ListInstalledColormaps
window: WINDOW
=>
cmaps: LISTofCOLORMAP
Errors: Window
Returns a list of the currently installed colormaps for the
screen of the specified window.
AllocColor
cmap: COLORMAP
red, green, blue: CARD16
=>
pixel: CARD32
red, green, blue: CARD16
Errors: Colormap, Alloc
Allocates a read-only colormap entry corresponding to the
closest RGB values provided by the hardware. Returns the
pixel and the RGB values actually used.
AllocNamedColor
cmap: COLORMAP
name: STRING8
=>
pixel: CARD32
exact-red, exact-green, exact-blue: CARD16
screen-red, screen-green, screen-blue: CARD16
Errors: Colormap, Name, Alloc
Looks up the named color with respect to the screen
associated with the colormap, then does an AllocColor on
cmap. The name should use the ASCII encoding, and
upper/lower case does not matter. The exact RGB values
specify the "true" values for the color, and the screen
values specify the values actually used in the colormap.
M.I.T. [Page 76]
RFC 1013 June 1987
AllocColorCells
cmap: COLORMAP
colors, planes: CARD16
contiguous: BOOL
=>
pixels, masks: LISTofCARD32
Errors: Colormap, Value, Alloc
The number of colors must be positive, the number of planes
non-negative. If C colors and P planes are requested, then C
pixels and P masks are returned. No mask will have any bits
in common with any other mask, or with any of the pixels. By
ORing together masks and pixels, C*(2^P) distinct pixels can
be produced; all of these are allocated writable by the
request. For GrayScale or PseudoColor, each mask will have
exactly one bit, and for DirectColor each will have exactly
three bits. If contiguous is True, then if all masks are
ORed together, a single contiguous set of bits will be formed
for GrayScale or PseudoColor, and three contiguous sets of
bits (one within each pixel subfield) for DirectColor. The
RGB values of the allocated entries are undefined.
AllocColorPlanes
cmap: COLORMAP
colors, reds, greens, blues: CARD16
contiguous: BOOL
=>
pixels: LISTofCARD32
red-mask, green-mask, blue-mask: CARD32
Errors; Colormap, Value, Alloc
The number of colors must be positive, the reds, greens, and
blues non-negative. If C colors, R reds, G greens, and B
blues are requested, then C pixels are returned, and the
masks have R, G, and B bits set respectively. If contiguous
is True, then each mask will have a contiguous set of bits.
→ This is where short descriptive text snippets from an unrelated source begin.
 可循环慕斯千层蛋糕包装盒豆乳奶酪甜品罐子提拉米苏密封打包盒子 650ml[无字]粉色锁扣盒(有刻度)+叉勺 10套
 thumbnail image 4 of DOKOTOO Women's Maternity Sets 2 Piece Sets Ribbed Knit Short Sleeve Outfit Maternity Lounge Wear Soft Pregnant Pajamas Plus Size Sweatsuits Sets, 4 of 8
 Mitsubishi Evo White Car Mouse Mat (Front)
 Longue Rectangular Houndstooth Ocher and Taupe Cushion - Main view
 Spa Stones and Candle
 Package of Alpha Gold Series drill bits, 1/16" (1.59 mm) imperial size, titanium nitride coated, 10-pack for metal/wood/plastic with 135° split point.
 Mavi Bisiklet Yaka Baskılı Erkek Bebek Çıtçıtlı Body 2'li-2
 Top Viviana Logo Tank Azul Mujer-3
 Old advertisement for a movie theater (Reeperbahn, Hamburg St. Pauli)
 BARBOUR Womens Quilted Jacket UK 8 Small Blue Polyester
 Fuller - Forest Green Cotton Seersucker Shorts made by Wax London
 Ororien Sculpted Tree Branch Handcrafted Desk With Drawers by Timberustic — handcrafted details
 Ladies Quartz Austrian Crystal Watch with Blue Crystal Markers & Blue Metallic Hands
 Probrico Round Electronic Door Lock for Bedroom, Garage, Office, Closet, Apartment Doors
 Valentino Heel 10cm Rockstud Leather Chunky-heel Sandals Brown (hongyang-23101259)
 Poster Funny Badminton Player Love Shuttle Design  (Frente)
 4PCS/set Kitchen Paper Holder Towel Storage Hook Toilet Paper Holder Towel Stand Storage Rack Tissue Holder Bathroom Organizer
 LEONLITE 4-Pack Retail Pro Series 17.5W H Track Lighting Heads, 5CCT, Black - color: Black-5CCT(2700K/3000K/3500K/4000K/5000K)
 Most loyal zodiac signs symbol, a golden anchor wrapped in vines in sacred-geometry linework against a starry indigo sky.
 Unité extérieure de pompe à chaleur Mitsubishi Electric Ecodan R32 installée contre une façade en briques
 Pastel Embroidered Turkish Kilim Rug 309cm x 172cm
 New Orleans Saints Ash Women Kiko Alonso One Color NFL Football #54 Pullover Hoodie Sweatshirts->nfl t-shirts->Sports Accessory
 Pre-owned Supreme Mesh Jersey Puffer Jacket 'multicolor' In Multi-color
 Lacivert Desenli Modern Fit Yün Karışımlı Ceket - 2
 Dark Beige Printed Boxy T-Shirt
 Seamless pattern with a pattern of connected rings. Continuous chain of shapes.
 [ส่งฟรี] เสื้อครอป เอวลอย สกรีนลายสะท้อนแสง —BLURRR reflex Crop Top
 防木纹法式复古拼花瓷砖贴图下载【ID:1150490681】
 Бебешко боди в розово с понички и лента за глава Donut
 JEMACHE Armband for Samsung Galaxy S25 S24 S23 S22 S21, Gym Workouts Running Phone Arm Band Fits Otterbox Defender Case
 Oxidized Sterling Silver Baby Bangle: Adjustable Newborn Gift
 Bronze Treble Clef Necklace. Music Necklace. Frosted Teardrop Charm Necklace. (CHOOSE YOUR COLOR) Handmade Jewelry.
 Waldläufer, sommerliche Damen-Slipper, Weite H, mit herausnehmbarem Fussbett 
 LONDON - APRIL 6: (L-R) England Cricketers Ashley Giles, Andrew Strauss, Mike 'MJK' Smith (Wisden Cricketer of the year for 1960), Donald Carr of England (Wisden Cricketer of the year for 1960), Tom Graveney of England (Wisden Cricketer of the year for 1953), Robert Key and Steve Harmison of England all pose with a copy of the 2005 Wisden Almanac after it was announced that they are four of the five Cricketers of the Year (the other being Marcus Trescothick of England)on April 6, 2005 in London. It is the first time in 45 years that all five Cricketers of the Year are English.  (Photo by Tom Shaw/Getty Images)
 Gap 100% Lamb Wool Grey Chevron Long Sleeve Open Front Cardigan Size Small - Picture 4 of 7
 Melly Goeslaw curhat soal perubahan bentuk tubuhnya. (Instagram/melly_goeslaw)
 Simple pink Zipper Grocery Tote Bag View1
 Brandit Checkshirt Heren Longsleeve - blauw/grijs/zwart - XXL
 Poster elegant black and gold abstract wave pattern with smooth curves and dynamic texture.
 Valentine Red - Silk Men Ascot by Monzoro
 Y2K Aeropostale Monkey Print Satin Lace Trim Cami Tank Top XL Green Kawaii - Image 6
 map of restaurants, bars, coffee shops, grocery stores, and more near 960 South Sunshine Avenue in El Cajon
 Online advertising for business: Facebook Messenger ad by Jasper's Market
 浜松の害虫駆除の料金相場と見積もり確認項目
No mask will have any bits in common with any other mask, or
with any of the pixels. For DirectColor, each mask will lie
within the corresponding pixel subfield. By ORing together
subsets of masks with pixels, C*(2^(R+G+B)) distinct pixels
can be produced; all of these are allocated by the request.
The initial RGB values of the allocated entries are
undefined. In the colormap there are only C*(2^R)
independent red entries, C*(2^G) independent green entries,
and C*(2^B) independent blue entries. This is true even for
PseudoColor. When the colormap entry for a pixel value is
changed using StoreColors or StoreNamedColor, the pixel is
decomposed according to the masks and the corresponding
independent entries are updated.
M.I.T. [Page 77]
RFC 1013 June 1987
FreeColors
cmap: COLORMAP
pixels: LISTofCARD32
plane-mask: CARD32
Errors: Colormap, Access, Value
The plane-mask should not have any bits in common with any of
the pixels. The set of all pixels is produced by ORing
together subsets of plane-mask with the pixels. The request
frees all of these pixels. Note that freeing an individual
pixel obtained from AllocColorPlanes may not actually allow
it to be reused until all of its "related" pixels are also
freed.
All specified pixels that are allocated by the client in
cmap are freed, even if one or more pixels produce an error.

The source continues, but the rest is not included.